Forget any negative feelings and go and give him a kiss. You'll soon feel you love him.

softlysoftly · 03/08/2014 20:43

I wouldn't put TTC above not wanting sex when he's being an irritating git tbh.

But then I also believe I conceived when I wanted it and the ovulation kit I tried once was total bollocks. If you aren't into it I think the chances as less

uptheauntie · 03/08/2014 21:32

Softly, I've been into it several times a month for several months and still no dice, so.....

OP posts:
ShyGirl1001 · 03/08/2014 23:31

YANBU. Sometimes you just don't feel like sex, and that's absolute fine.

Sperm can survive for 7 days in the uterus, so doesn't mean you've missed the chance anyway.

HappySeaTurtles · 04/08/2014 01:36

That's right, mild irritation is grounds for divorce here on MN. Hmm

It's hard with a baby already there. They're exhausting even at the best of times. Me and DH have only done it once since DD was born. Before that we were at it like bunnies. But now we're both exhausted at the end of the day.

If you're not in the mood, I wouldn't. Your partner can sense when you're just not into it, and that doesn't really make it as fun for either party involved.

If you think about it, you'll have to wait 9 months for the baby to arrive once you're pregnant anyway, then you'll have your kid for 18 more years after that. So putting it off for another month in the grand scheme of things isn't a big deal.

Thumbwitch · 04/08/2014 01:43

No YANBU. But I wouldn't do it if you really don't feel like it either - give yourself a month off. Might help!

(Also, if you're having troubles, can I recommend you dose up on Vit D - worked for me! Well, I'm pretty sure that was the main factor - I was tested after my 3rd MC and found to be low, and low vit D is implicated in both infertility and MC - so I was put on vit D supplements to increase my levels and the next time I got pg I got DS2! Didn't do anything for my sex drive though.)

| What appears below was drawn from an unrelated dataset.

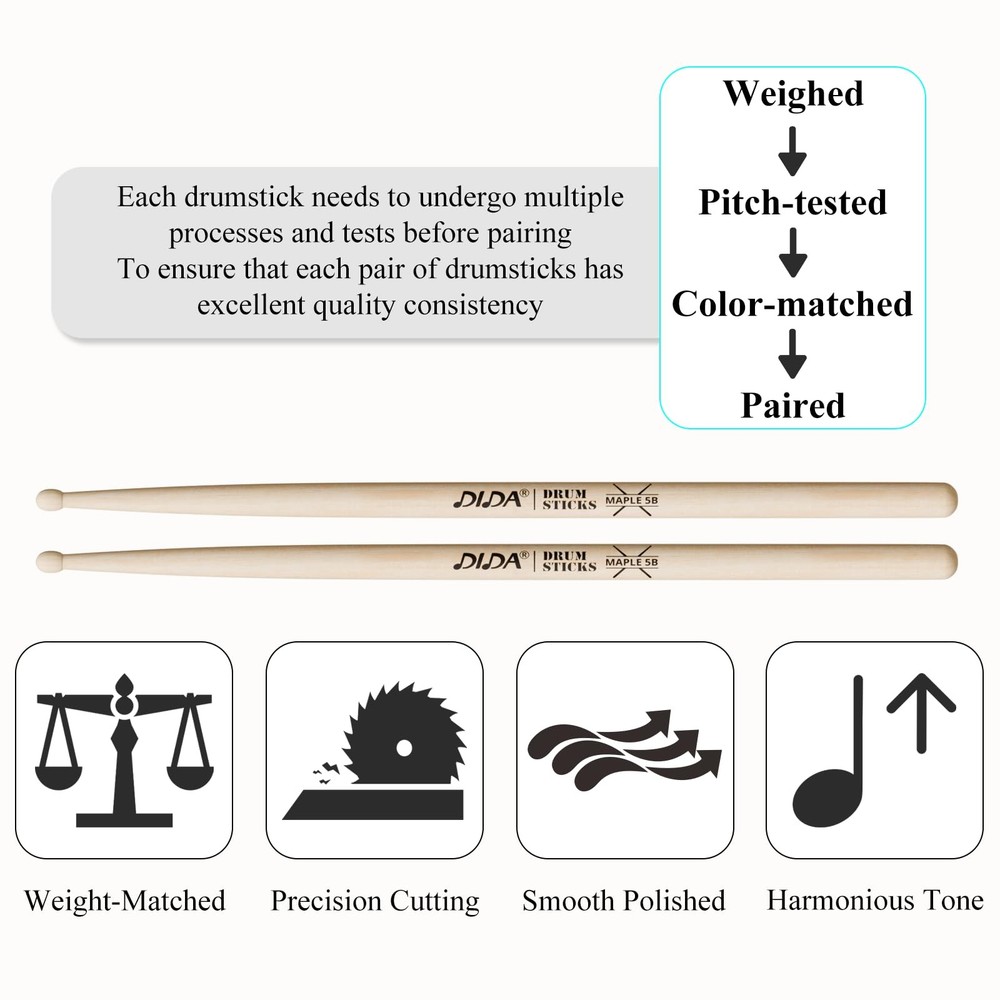 Drum Sticks, Drumsticks for Drum, Maple Wood Drumsticks, Tip 5b, 1 Pair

warmleatherette · 04/08/2014 01:55

Do you have to have intercourse? Can't you just get him to give you some semen which you apply manually?

ABlandAndDeadlyCourtesy · 04/08/2014 01:56

YANBU.

DiaDuit · 04/08/2014 02:05

OP you ANBU at all. It isnt a rule that you have to have sex when ovulating if ttc. Fine to have a break. Ttc can be stressful, lots of pressure and a break is a healthy decision to make. Give yourself a month off from the pressure.